◆ What you need to do ◆
Leave the pictures out and restate every line below exactly.

◆ Data extract ◆
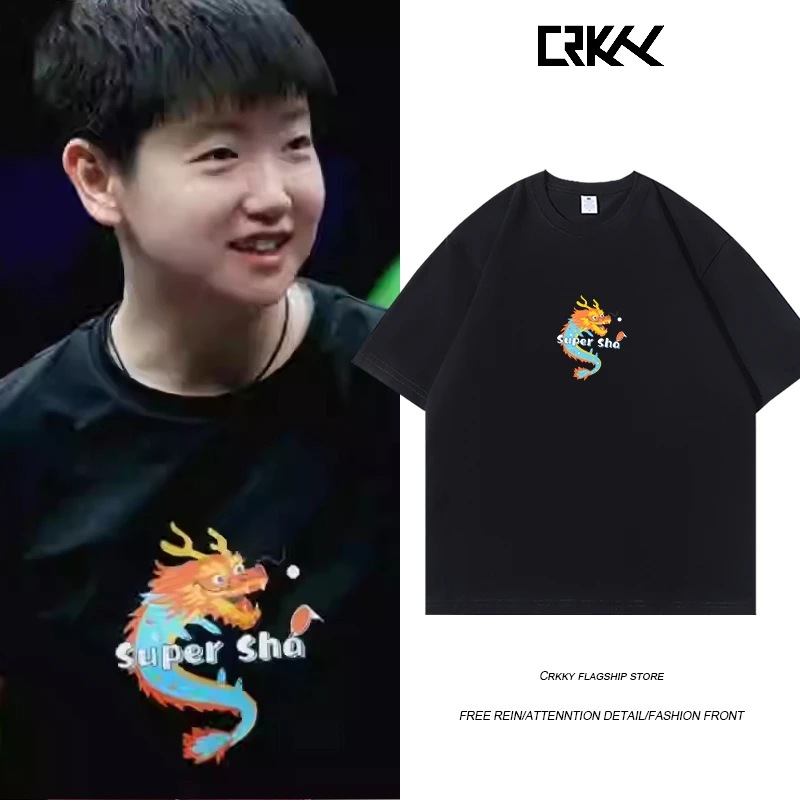 孙颖莎同款文化衫乒乓球系列T恤创意印花男女运动纯棉短袖夏季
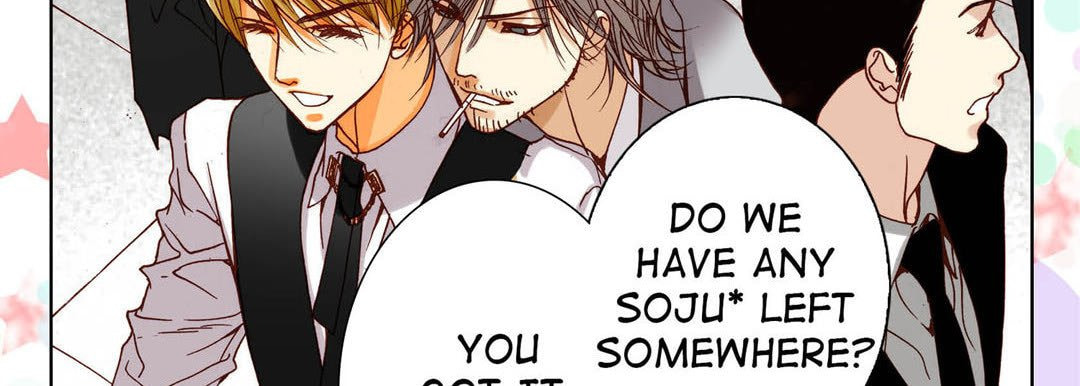 Read Totally Captivated chapter 81 image 138 on Lezhin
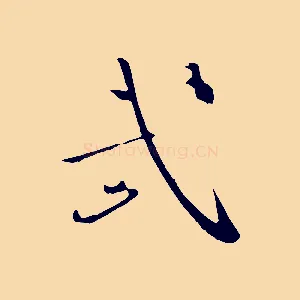 武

◆ Your solution ◆
 孙颖莎同款文化衫乒乓球系列T恤创意印花男女运动纯棉短袖夏季
 Read Totally Captivated chapter 81 image 138 on Lezhin
 武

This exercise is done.